I spent much of the last week or so in the Toronto area, visiting friends and spending time in the city I’ve called home for the past few years. It was amazing to catch up with so many of the people I love as well as just take time to assimilate back into Canadian culture. On this trip, I had many hilarious moments, meaningful conversations, and I ate lots of delicious food, all of which made me feel supported and safe even while also feeling a little turbulent as a result of the emotions and stress of coming home from Ghana.
I definitely have had moments of reverse culture shock, which I expected but I’ve still found surprising nonetheless. I thought life back home would be perfectly simple and easy but I’ve changed in the three months I spent in Ghana, which has meant some friction here and there with my Canadian surroundings. For example, I spent a bit of time in the Eaton Centre downtown Toronto a few days ago between meeting with friends. I was proud that I was feeling calm in a place so large and busy that it can be overwhelming to anyone, let alone someone like me who’s hasn’t been in a building so imposing in quite some time. After an hour or so wandering around the bookstore though, I was sitting on the windowsill and looking out into the massive shopping centre when I suddenly felt melancholic, even near tears, for seemingly no reason. I realized in that moment that coming home is a process and that it’s okay to feel a little unhinged here and there.

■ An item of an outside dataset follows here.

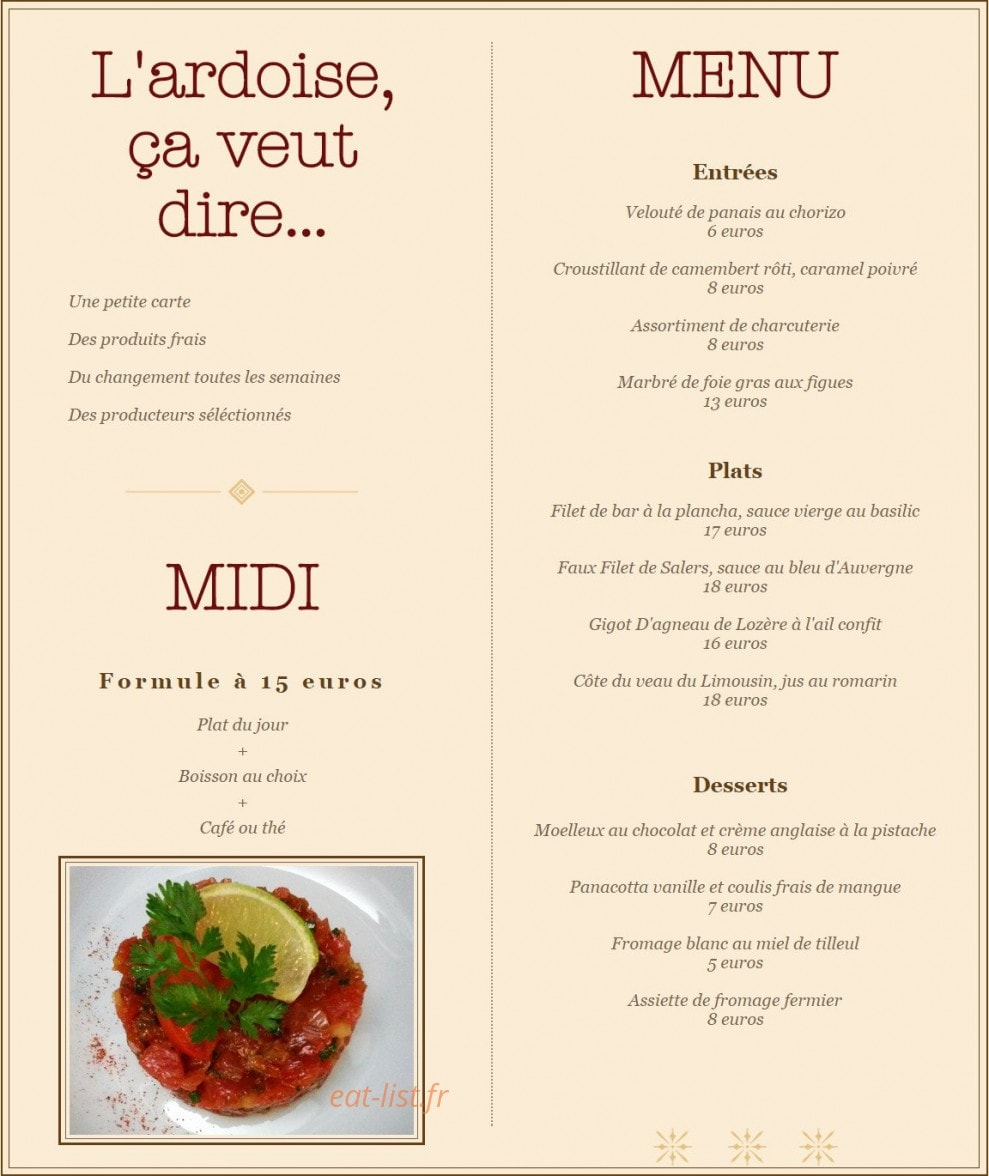 Le Mastroquet — carte page 1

It’s been over a week now that I’ve been back on home soil. Much of this time has been spent with friends and family, relaxing and catching up. I’ve also spent quite a bit of time running, one of my favourite exercises and something I just didn’t do in Ghana since I’d get a lot of attention so I preferred working out indoors. While in Toronto, I met with my co-op coordinator, who is working with me to secure a new co-op placement. It looks like I’ll be able to go abroad again for about five months, which I’m very excited about! I’ll not be on the road for probably over a month from now so, in the meantime, I’m at home with my family.
So far, it’s been very nice to ease back into the Canadian life. I’m trying to be patient with myself as I go through all sorts of emotions reacting to being home much sooner than anticipated. I keep reminding myself to be kind to myself, which is why I have no problem spending time doing the things I love like chatting with family, drinking tea and reading a good book, or thrift shopping with friends. I still haven’t even unpacked from Ghana, as I’m just taking my time to settle back in at home. I’ll get around to it eventually!